Luise braucht Hilfe bei einer Mathematikaufgabe und weil „Meiner“ nicht zu Hause ist, wendet sie sich mit ihrer Frage an mich. Wobei, eine Frage kann man das eigentlich nicht nennen. Es ist eher ein Vortrag, den sie mir da hält. Ein Vortrag, zu dem ich am Ende mein Feedback geben soll.
Sie erzählt mir von Katheten, Hypotenusen, der Berechnung der Höhe, von rechten Winkeln und quadratischen Flächen. Irgendwann bemerkt sie, dass ich sie mit glasigem Blick anschaue.

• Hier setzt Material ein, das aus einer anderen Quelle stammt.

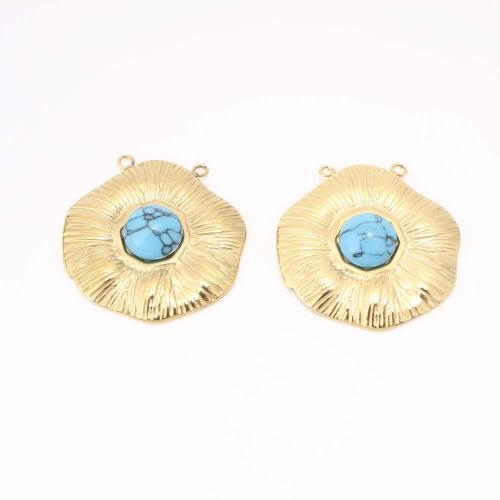 Acier inoxydable 304 Pendentif, avec turquoise, fleur, DIY & double trou, doré, Vendu par PC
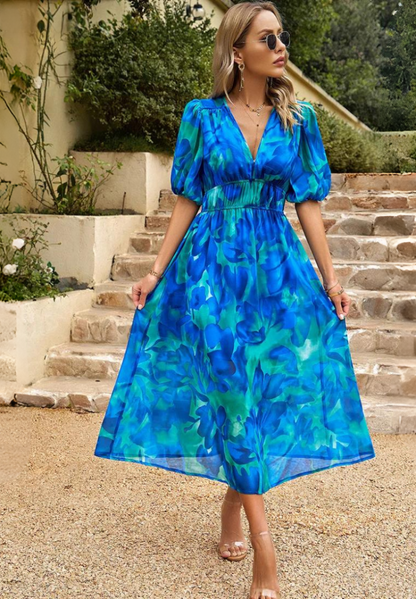 Rosalie | Elegant Floral Midi Dress for Weddings and Summer Parties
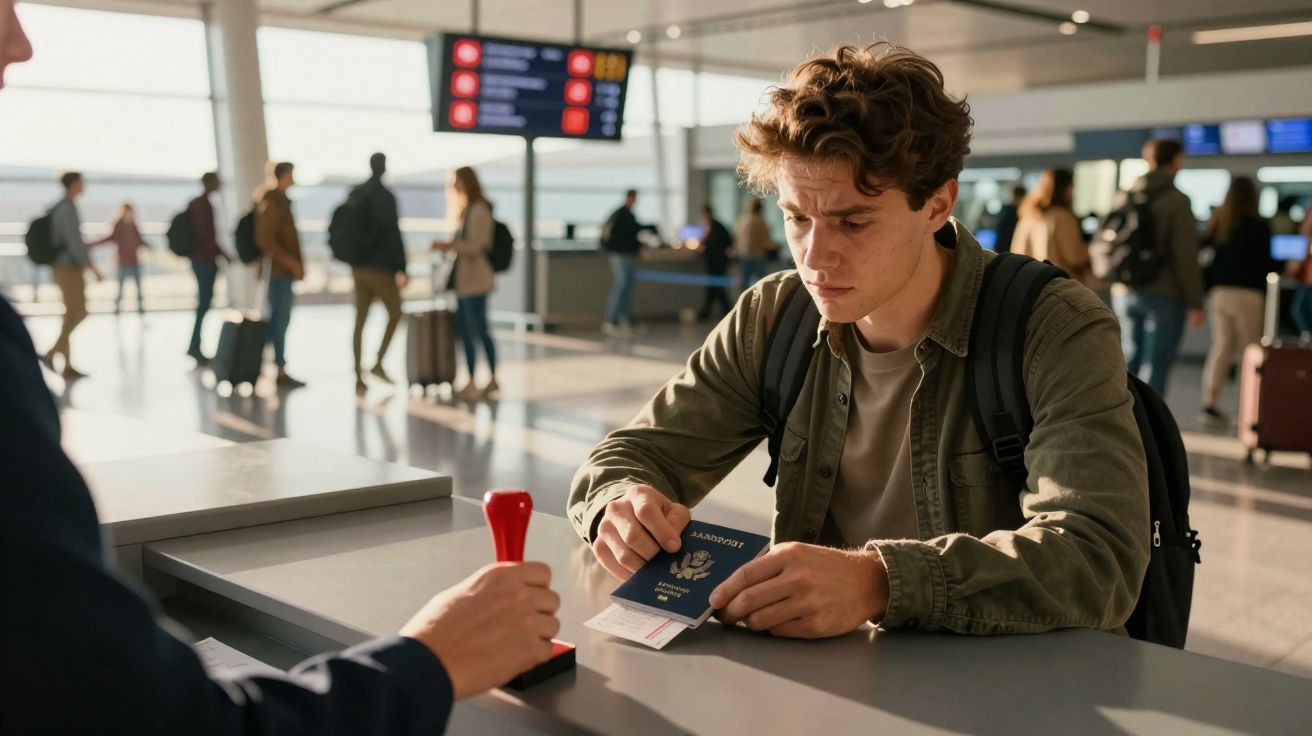 Jovem com mochila apresenta passaporte e bilhete para controlo num aeroporto movimentado.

„Du verstehst doch, was ich meine, Mama?“
„Äääääh, nein…“
„Also, das ist eigentlich ganz einfach. Du hast ein rechtwinkliges Dreieck und hier hast du die beiden Katheten und da hast du die Hypotenuse… Kommst du jetzt draus?“
„Äääääh, nein…“
„Also, wenn du die Hypotenuse hast, dann kannst du…“, referiert sie munter weiter, aber natürlich verstehe ich noch immer nicht. Ich habe den Dingen, von denen sie redet, schon vor vielen Jahren abgeschworen. Irgendwann erkennt meine Tochter, dass bei mir Hopfen und Malz verloren ist, also zieht sie sich zurück, um ihr mathematisches Problem im Alleingang zu lösen.

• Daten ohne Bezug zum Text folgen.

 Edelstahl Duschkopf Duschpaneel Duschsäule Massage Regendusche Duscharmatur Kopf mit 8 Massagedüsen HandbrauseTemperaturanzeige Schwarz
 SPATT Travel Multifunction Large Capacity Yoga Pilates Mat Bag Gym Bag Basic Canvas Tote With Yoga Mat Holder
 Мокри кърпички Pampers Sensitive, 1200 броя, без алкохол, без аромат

Voller Bewunderung schaue ich ihr nach, als sie aus dem Zimmer geht. Bewunderung, weil sie Dinge versteht, die ich in vierzehn Schuljahren nie verstanden habe. Bewunderung aber auch, weil sie sich nicht hat anstecken lassen von der Aversion gegen Mathematik, die fast alle Frauen in unserem Clan haben.